I'd rather window-shop. Tori had mentioned a medieval clothing store. I felt like surrounding myself in brocade and satin and fantasy instead of real life.
"Hope!" called a male voice.
Was that Tucker? I spun around, already gritting my teeth, ready to face him.
But it wasn't Tucker. Or Stan. Or any guy from my residency program.
The guy walking toward me was one I'd know anywhere, any time, even though I hadn't seen him in almost two years. My breath froze in my throat.
His face seemed almost as familiar as my own, maybe more so, since I'd spent hours, days, even years memorizing it, from his gentle eyebrows to his well-shaped lips. I missed his hair, though. It was still crisp and black, but he'd pared it down to a crew cut instead of letting it touch his collar in the back.
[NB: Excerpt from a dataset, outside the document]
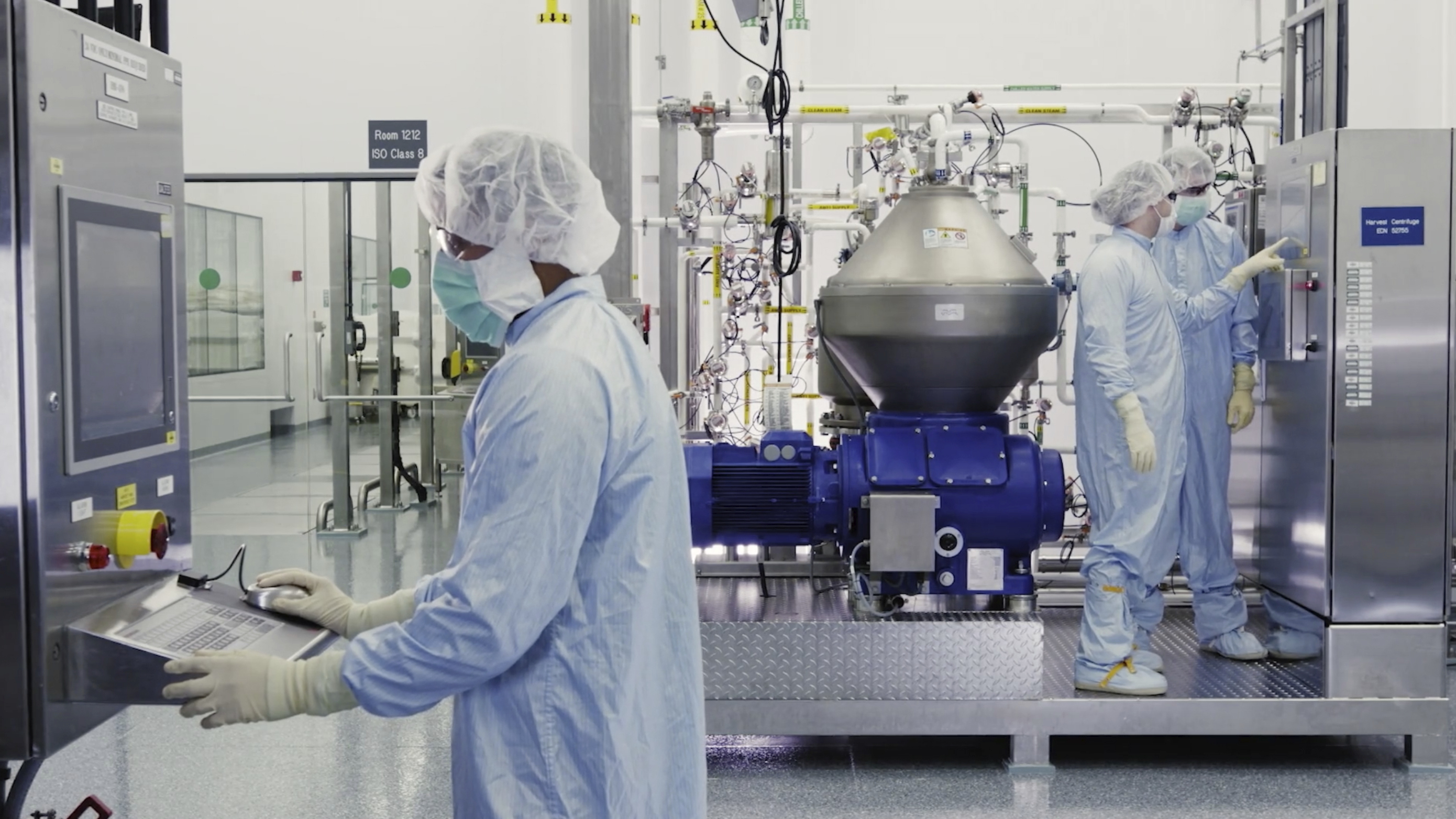 Scientists worked with a bioreactor at a Regeneron facility in New York state, for efforts on an experimental coronavirus antibody drug. Antibodies are proteins the body makes when an infection occurs; they attach to a virus and help the immune system eliminate it.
Ryan Wu, my first love. My first lover. My only real boyfriend. Live in Montreal.
He was breathing a little faster from chasing after me. That made me think of other, more intimate times I'd seen him breathless.
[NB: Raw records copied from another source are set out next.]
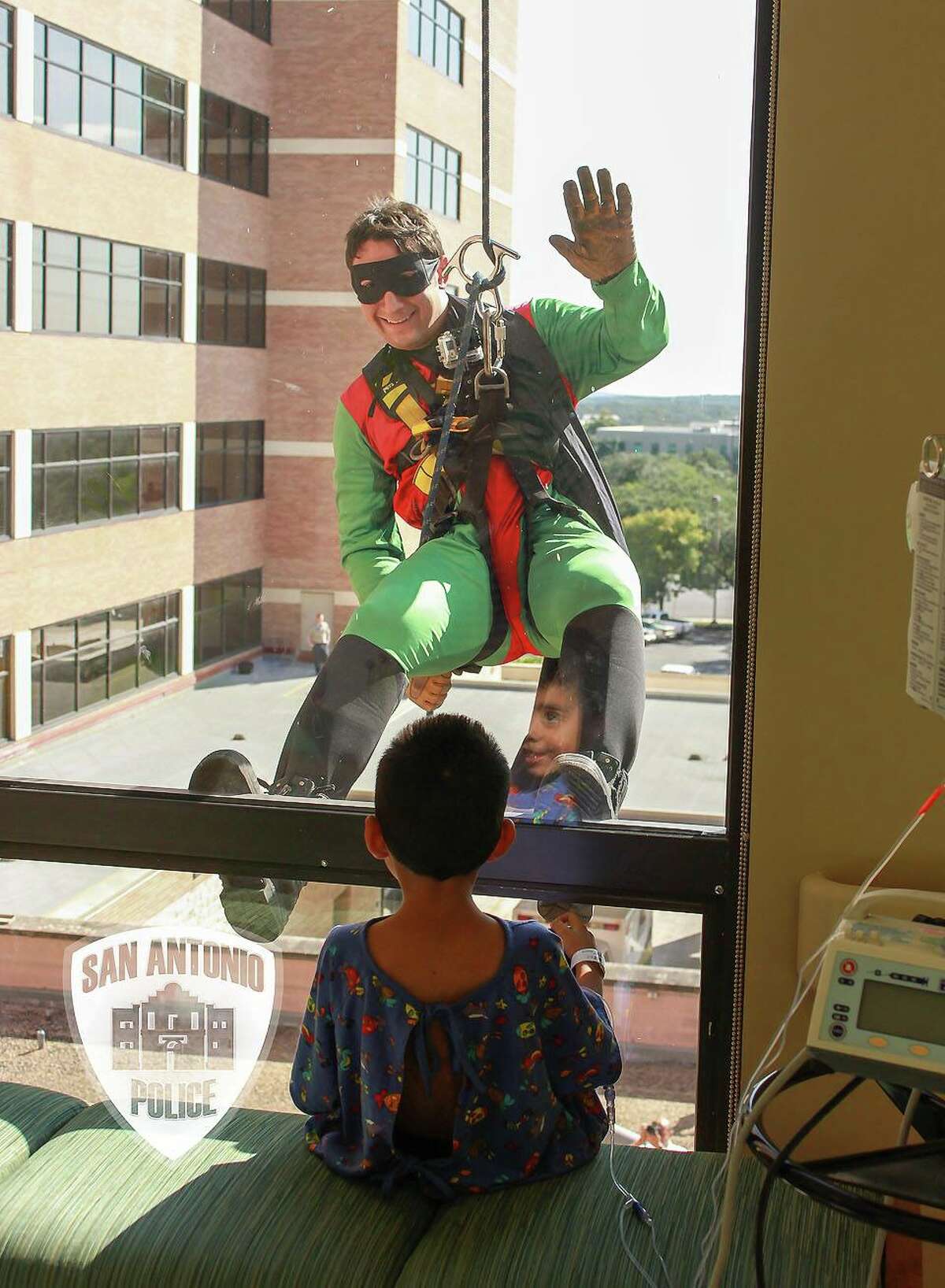San Antonio police and firefighters visited pediatric patients at North Central Baptist Hospital Friday as popular superheros.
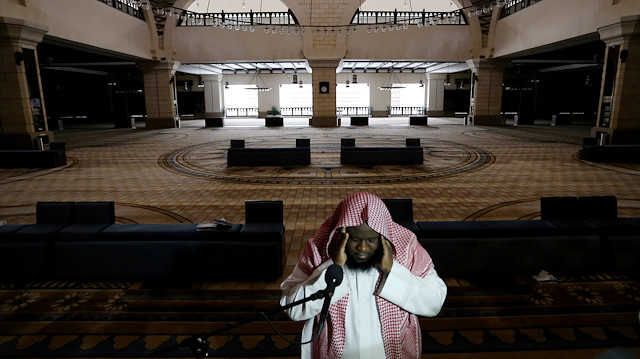FILE PHOTO: A cleric calls for the prayer at an empty Al-Rajhi Mosque, as Friday prayers were suspended following the spread of the coronavirus disease (COVID-19), in Riyadh, Saudi Arabia, March 20, 2020
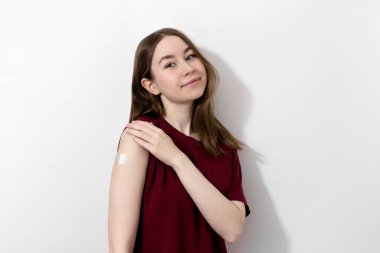 Tişörtünde Coronavirus aşısından sonra omuzlarında alçı olan gülümseyen genç bir kadın, beyaz arka plan, fotokopi alanı. Aşı, aşı, grip önleme konsepti. Covid-19 aşısı alınıyor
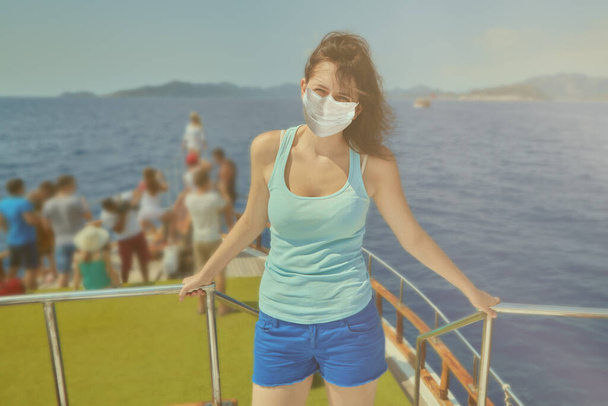 Young beautiful caucasian woman with disposable facial protective medical mask on her face as a protection from coronavirus covid-19 infection is standing on yacht, which is in sea during excursion. - Φωτογραφία, εικόνα
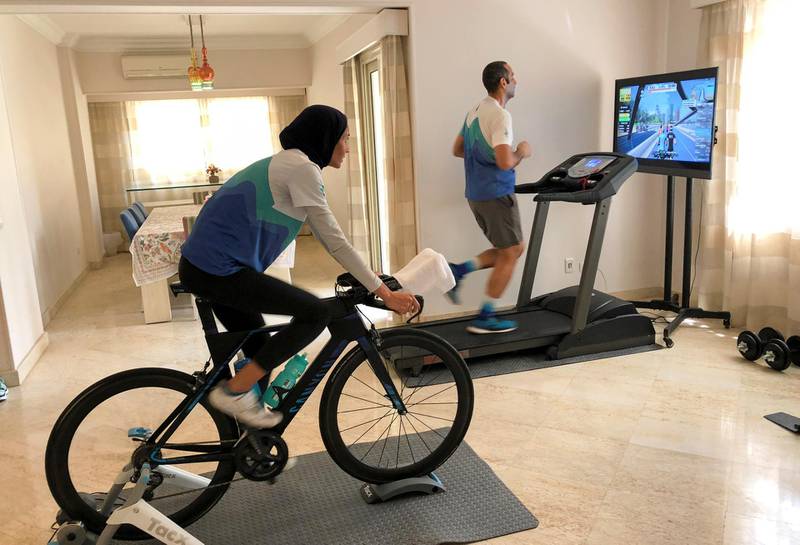 A husband and wife train at home during a self-imposed lockdown as Egypt ramps up efforts to slow the spread of the coronavirus, Cairo, Egypt, April 22. Sherif Fahmy / Reuters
We stared at each other. I couldn't believe how little he'd changed. I could see the same laughter in his brown eyes. He'd retained his slim build and long runner's legs. A few times I'd wished him fat and bald after we'd broken up, but now I was glad he looked almost exactly the same. I could mentally rewind the clock three, four years, before it all went sour.
I said, stupidly, "You cut your hair."
"So did you."
True. My hair used to spill past my shoulders, but I'd tried a chin-length bob and liked it.
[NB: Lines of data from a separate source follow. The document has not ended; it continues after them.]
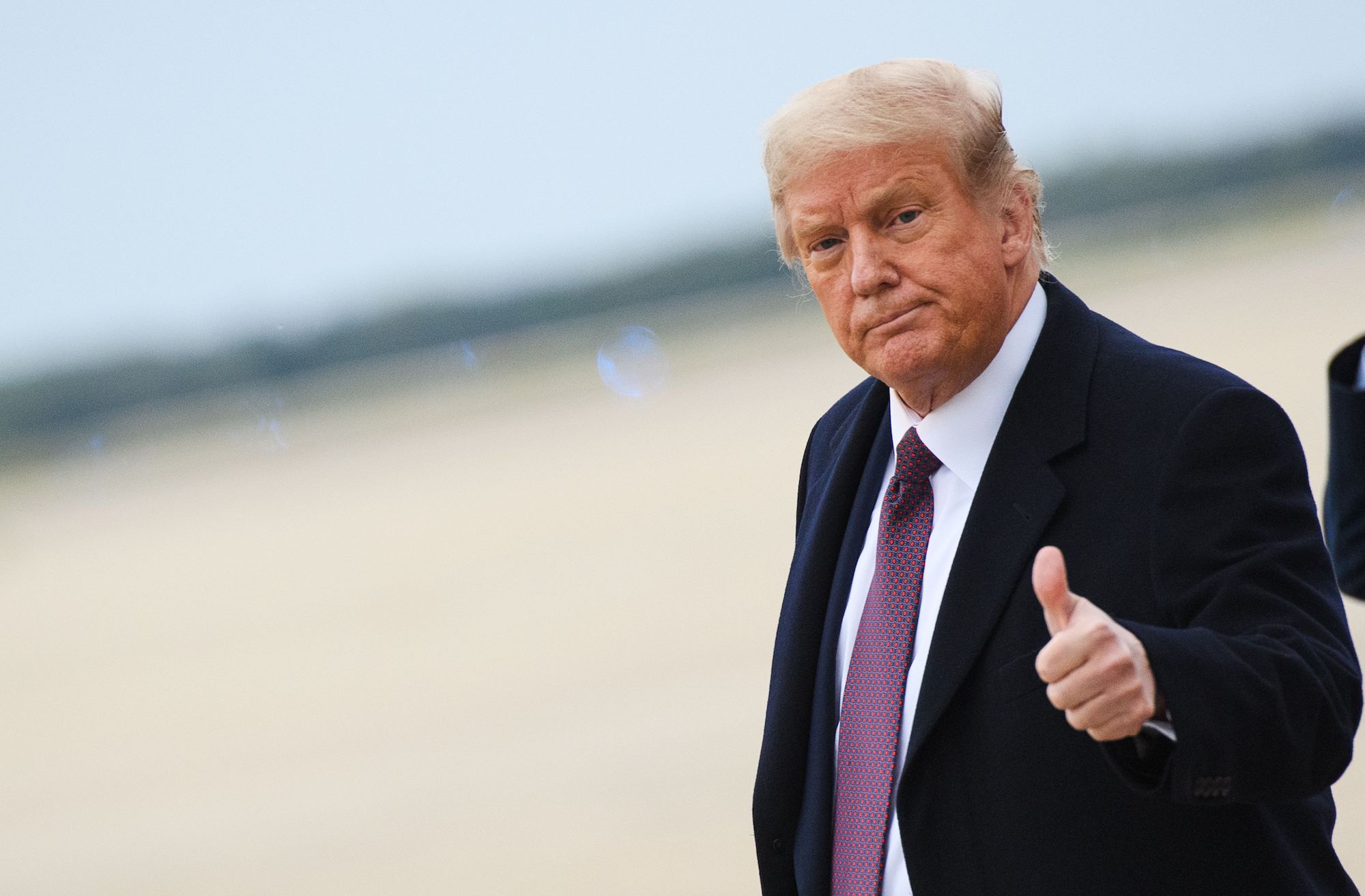 US President Donald Trump gives a thumbs up as he steps off Air Force One upon arrival at Andrews Air Force Base in Maryland on October 1, 2020. - The US president announced in the small hours of October 2, 2020, that he and First Lady Melania Trump would be going into quarantine after they were both found to have contracted the novel coronavirus. (Photo by MANDEL NGAN / AFP) (Photo by MANDEL NGAN/AFP via Getty Images)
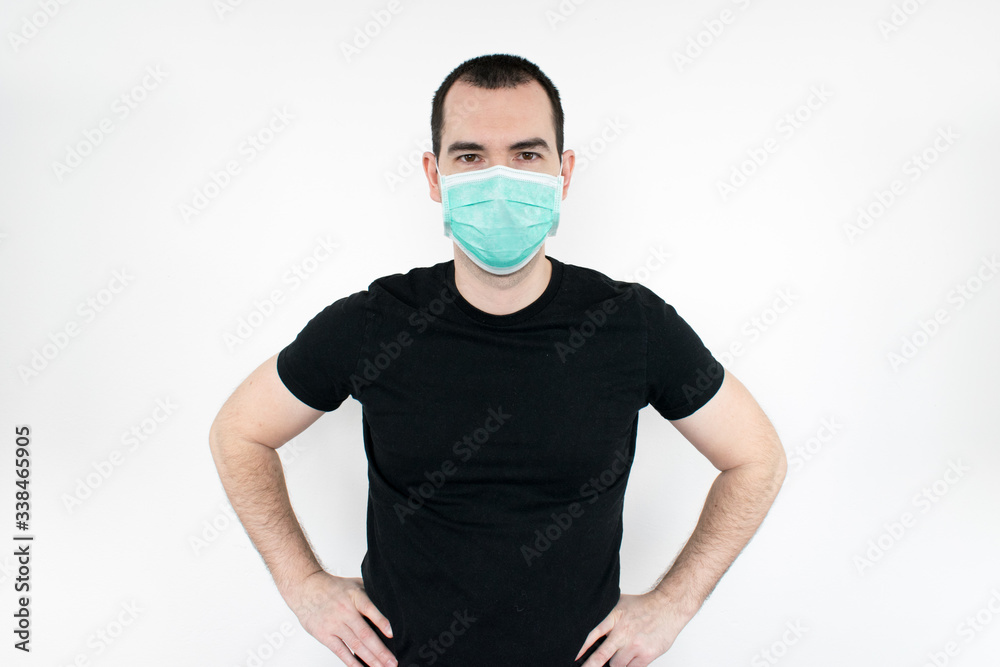 male man young black t-shirt stand white background wear mask on face. protect yourself. save life coronavirus symbol male man young black t-shirt stand white background wear mask on face. protect yourself. save life coronavirus symbol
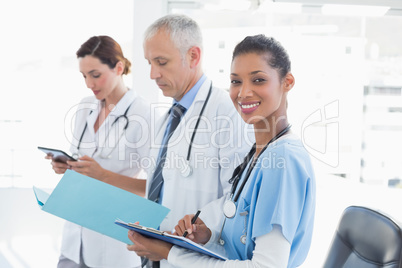 Doctors working together on patients file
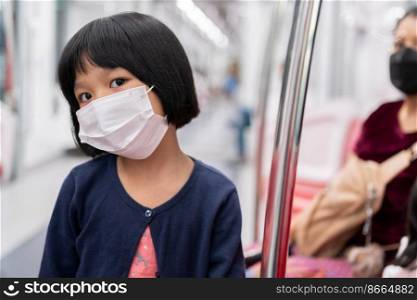 Little girl with surgical mask face protection flu and Virus outbreak in public transportation  skytrain or subway . Concept of New normal lifestyle, Using public transport to travel to school.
He smiled. I smiled back. Then, suddenly shy. I glanced back at the café I'd just left. We were a few blocks away, so I could barely make out our table, let alone Tucker.
Ryan nodded at me. "You look good,"
He said it first, thank goodness, which let me admit, "You too."
Ryan sticks to the truth. He was brutally honest, annoyingly Christian sometimes, but not a liar. Such a tonic after Alex, the first Montreal bad boy I got mixed up with.
I wanted to eyeball every detail of Ryan's body. Part of me wanted to make sure he was really here and now, within licking distance. The other part of me wanted to sprint far away from him.
I exhaled. "So what are you doing here? I mean, I didn't know you were in town."
His smile hitched up at the corner and he glanced over his shoulder. A girl in a miniskirt marched toward us on coltish little legs, black hair swinging with every step. She was pretty and she was pissed. I'd never met her, but her expression told me exactly who she was with respect to Ryan.
"Sorry, Lisa," he said. "I didn't want Hope to get away."
"No, we wouldn't want that," she agreed in a high-pitched voice. I looked down at her. She wasn't just short, she was made miniature all over. In other words, the stereotypical Asian doll-like build that made even me feel like a tank, even though I was just as Chinese as she was.
"Hi, Lisa, I'm Hope Sze." I tried to smile. I hadn't so much as glimpsed Ryan in over a year and a half, so why did I feel so bereft, meeting his girlfriend?
To my surprise, she held out her hand and pumped mine. She had a good grip for someone sparrow-sized. She said, "Pleased to meet you. I was just taking Ryan on a tour of Montreal."
He smiled. "I'm here with some buddies. I gave Lisa a call."
Well, that didn't sound too lovey-dovey. Neither did their stance, side by side but not touching. Not to mention him racing after me. My heart lifted, even as I scolded it. No men. Not even ex-boyfriends. Especially not ex-boyfriends.
"We're having a great time," she said.
He smiled. "Yeah, Lisa's an awesome tour guide. Listen, Hope, I'm here two more days. Maybe we could catch up sometime?"
I knew the mature, responsible, Lisa-friendly thing to do. Instead, I gave him my phone numbers, home and pager, with my best smile. "Definitely. Call me."